L'incontro della poesia di Patrizia Valduga con la pittura di Giovanni Manfredini - un incontro che questo libro ci mostra nell'affascinante materialità del suo farsi, pagina dopo pagina, ritmo e immagine - è, naturalmente, nel segno del nero, simbolo per entrambi dell'intreccio mortale e salvifico fra libertà e costrizione, fra l'azzardo del 'cosa' e il rigore del 'come'. Per la Valduga (lo sappiamo sin dal suo primo libro, e il suo lavoro successivo ce ne ha fornito conferme sempre più perentorie) a garantire la forza, l'audacia, l'integrità della voce è la confidenza con la tradizione, l'obbedienza non meno sovvertitrice che amorosa alle forme del passato; Manfredini - analogamente o, forse, simmetricamente - disciplina e organizza il caos della materia proiettandovi a caldo le impronte del proprio corpo, assoggettandola alle norme del suo essere (e divenire) biologico.
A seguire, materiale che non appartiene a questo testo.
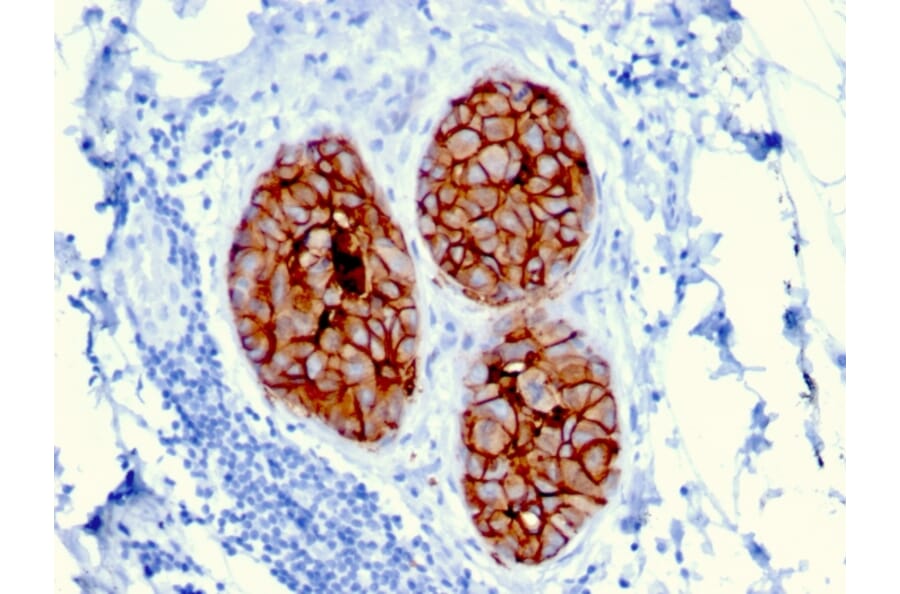 Immunohistochemistry - Anti-HER2 Antibody [ERBB2/3080] (A248449) - Antibodies.com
Ma più che a scoprire arbitrarie, feconde analogie fra due linguaggi e due mondi felicemente non sovrapponibili, un libro come questo - un libro, è il caso di sottolinearlo, davvero senza precedenti, radicalmente lontano com'è da qualsiasi proposito di 'illustrazione' e 'commento' reciproci - invita il lettore-fruitore ad approfittare dello straordinario campo magnetico creato dalla sua stessa esistenza, ad avventurarsi o inerpicarsi lungo tutte le vibrazioni, tutti i fili di senso, tutte le correnti di verità e di emozione che da esso irresistibilmente si sprigionano.